Cela le place dans une lutte intérieure constante : jusqu'où sa conscience peut-elle aller pour accueillir les gens ? Peut-il regarder dans l'autre sens lorsqu'ils insistent pour imposer leur volonté en matière de foi, en déformant ou en blessant son essence ? A-t-il rempli son devoir s'il les guide selon la volonté de Dieu et qu'ils refusent toujours de la suivre ?

Certains s'attendent à ce qu'il soit un homme d'affaires, construisant des projets, lançant des initiatives, gérant des investissements. D'autres s'attendent à ce qu'il soit un politicien, et par "politique", ils veulent dire sécuriser leurs propres intérêts et influences. Certains le veulent à leurs événements sociaux, présidant de grands banquets, s'engageant dans toutes les conversations à l'exception de celles qui concernent sa véritable mission spirituelle. Ensuite, ils l'appellent "charmant" ou "bien élevé".
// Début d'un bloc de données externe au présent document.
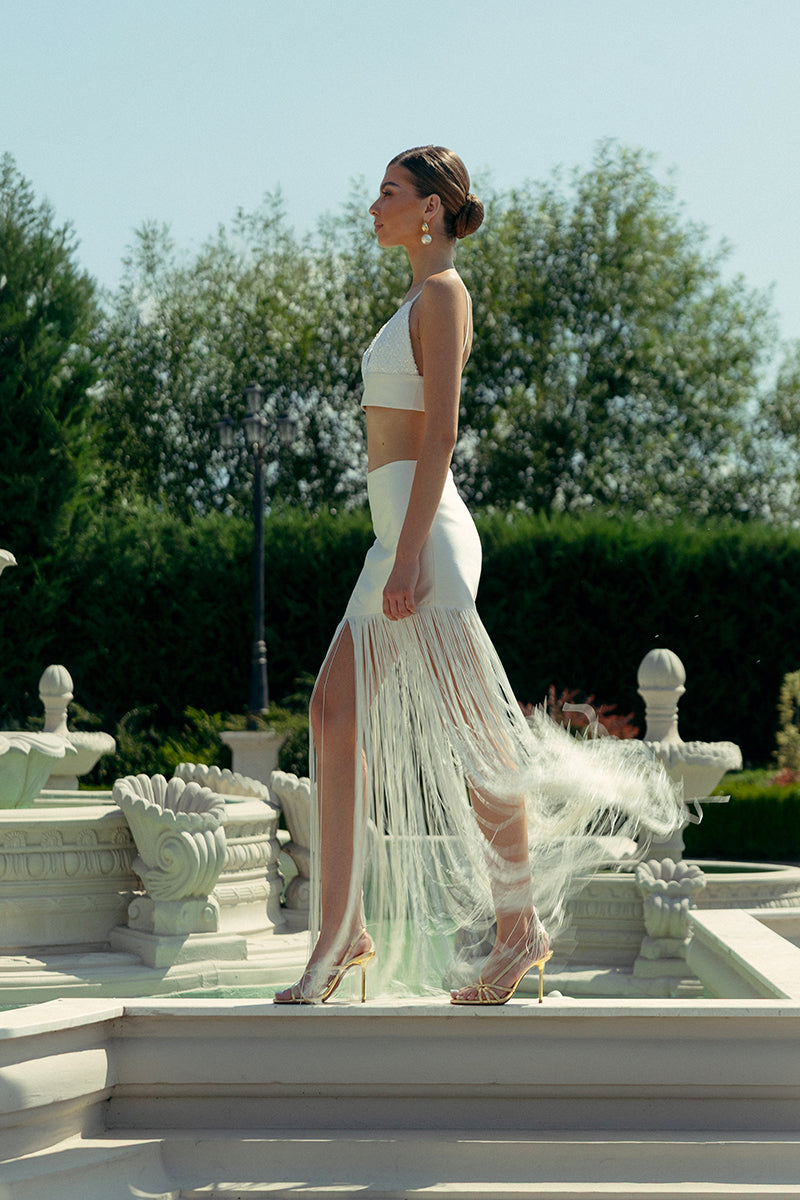 Ivory fringe two-piece co-ords set by Monika Dimova featuring a stylish top and matching skirt with fringe detailing.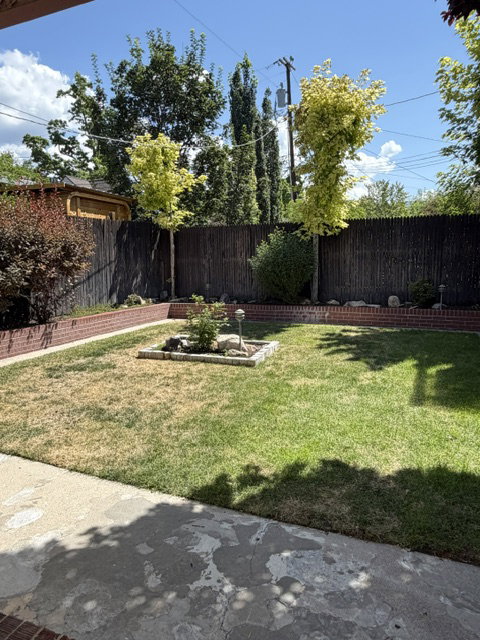 Fenced backyard featuring mature trees, a central planting bed, brick garden edging, and a concrete patio space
Mais s'il est vraiment un homme de Dieu - pur, priant, dévoué à visiter son peuple, strictement fidèle aux commandements de l'Évangile - ils disent : "Il appartient à un monastère, pas à un diocèse", même s'il donne son corps même aux pauvres.

Notre peuple chrétien en Orient n'a pas encore dépassé l'idée de l'ère ottomane de "l'évêque fort" - le puissant chef de communauté qui, pendant quatre cents ans, a agi à la fois en tant que gouverneur et représentant de son peuple devant les autorités civiles.

Ce qui isole le plus profondément un pasteur, cependant, c'est lorsqu'il ne trouve aucune réponse au sein de son propre diocèse, lorsque son troupeau fait preuve d'indifférence à sa prédication, lorsqu'ils abandonnent leurs responsabilités envers l'Église tout en s'attendant à ce qu'il produise des merveilles et des réalisations. Pour certains, considérer le diocèse et ses ressources comme la propriété personnelle de l'évêque montre un retrait complet de leur engagement religieux. Mais s'attendre à ce que chaque service et chaque solution vienne de l'évêque ou du prêtre seul est au mieux ignorant et tragique au pire.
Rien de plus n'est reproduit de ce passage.